What I can see is that Paul's references to James seem to describe a very different person from the one described in the Synoptics as Jesus' brother.

Could the James who wanted to lock up his brother as a nutter be the head of the Jerusalem church so soon afterwards?

A better question might be: Could the James who headed the Church have tried to lock up his brother for being a nutter?

I'm not saying it's impossible, of course, but it seems odd to me there'd have been no mention of James' conversion and rise in power.

And then there's Acts. Is there any mention of James, the brother of Jesus there? Is James the JustWP the brother of Jesus? Wiki identifies him as the James mentioned by Paul.

There does seem to be a consensus on this.

Is James the brother of John, killed by orders of Herod, also the brother of the Lord?

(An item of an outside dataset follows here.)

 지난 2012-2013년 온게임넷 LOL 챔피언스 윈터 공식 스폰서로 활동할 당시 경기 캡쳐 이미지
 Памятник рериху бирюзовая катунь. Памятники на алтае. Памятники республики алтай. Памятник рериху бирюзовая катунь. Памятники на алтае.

If Eisenman is right, "James the brother of John" is actually Theudas. Acts mixes up and changes a lot of stuff that is in other sources. Like the election of James, which it replaces with an election to replace Judas. This makes no sense.

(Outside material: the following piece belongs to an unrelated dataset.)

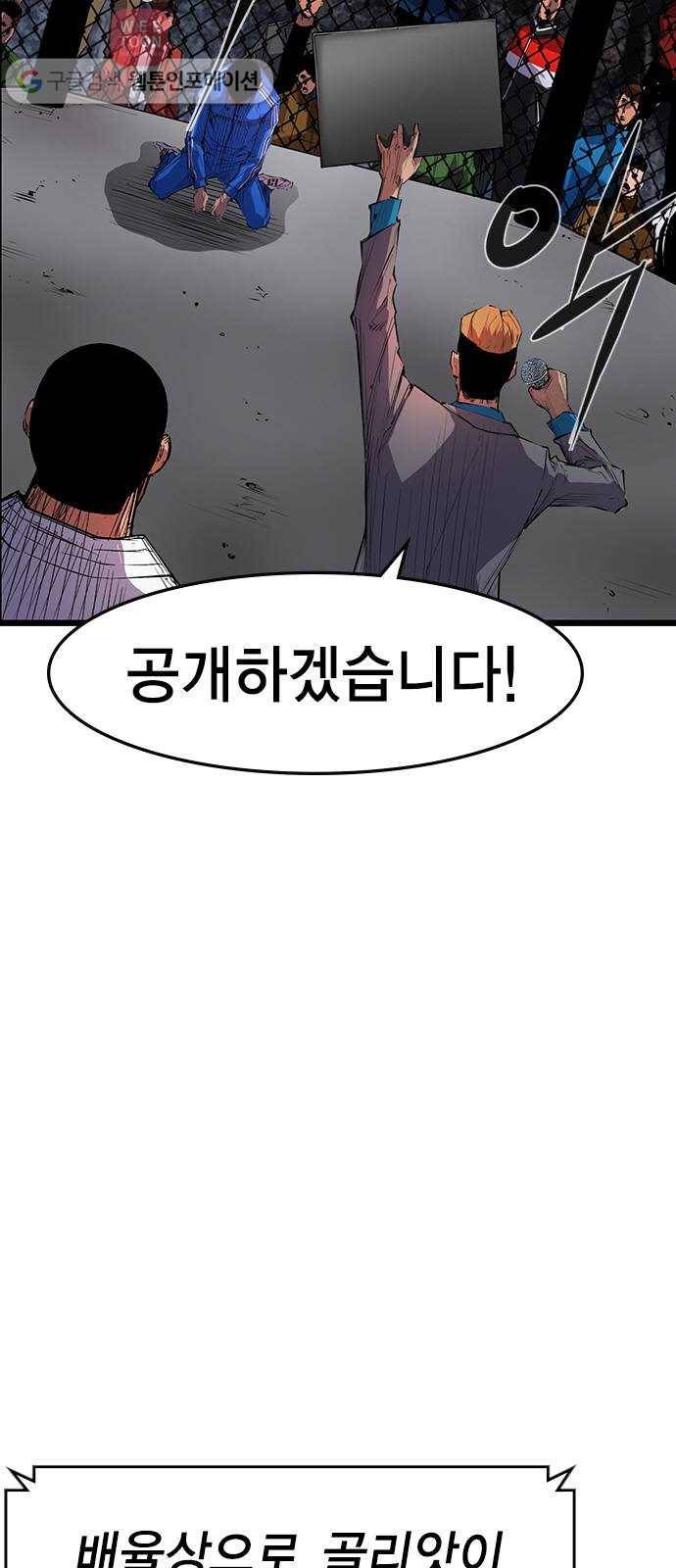 한림체육관 5화 47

Is the James named by Jesus his successor in the Gospel of Thomas his brother?

Yes.

I'm confused by the references and apparent contradictions surrounding Paul's references to James.

As a poster in the RatSkept monster thread asked:

http://www.rationalskepticism.org/christianity/historical-jesus-t219-23000.html#p1255845

In any case, I hope the better informed posters here can give me a hand figuring out which James Paul says he met in Jerusalem.

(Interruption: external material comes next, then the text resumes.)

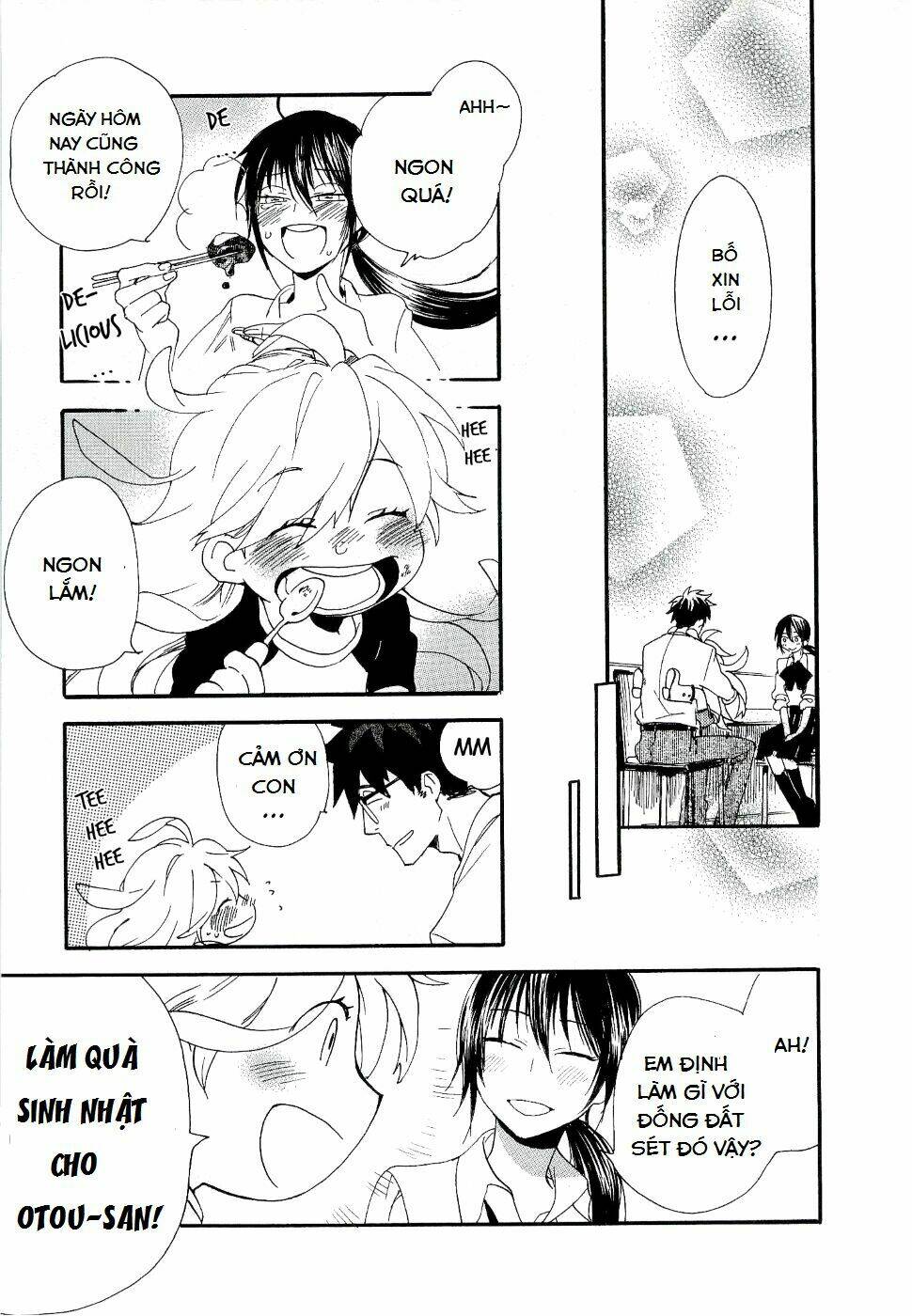 Amaama To Inazuma Chương 3 Ảnh 25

The only James Paul mentions at any stage is the "Lord's Brother". Other sources say that this James was "Bishop" of Jerusalem. Other Jameses are just a smokescreen to hide the fact that Jesus' Brothers were enemies of Rome.
 
While I'm here I just thought I'd mention something about Josephus: He called all of these Messianic pretenders "Impostors" and "Deceivers" accusing them of leading people astray with their new Messiah BS.(It didn't stop him from saving his own neck by applying this BS to Vespasian tho'.) My point here is that if there ever was a TF original to Josephus, it probably wouldn't have been flattering to Jesus.

Those early Church Fathers who were so offended by a passage in Josephus blaming the fall of Jerusalem on popular revolt after the killing of James (they thought it should have been because of Jesus), might very well have altered the text, because modern copies don't contain that passage.
 
pakeha

There are enough Jameses to go around. Looking through your list, and as to your other site's

... it is obvious that "James" is the head of the church in Jerusalem?
It's not at all obvious from Paul that James is the head of the church in Jerusalem. James, John and Cephas are jointly "reputed to be pillars." (Galatians 2:9) That's not even a strong assertion of a troika, much less "obvious" one-man rule.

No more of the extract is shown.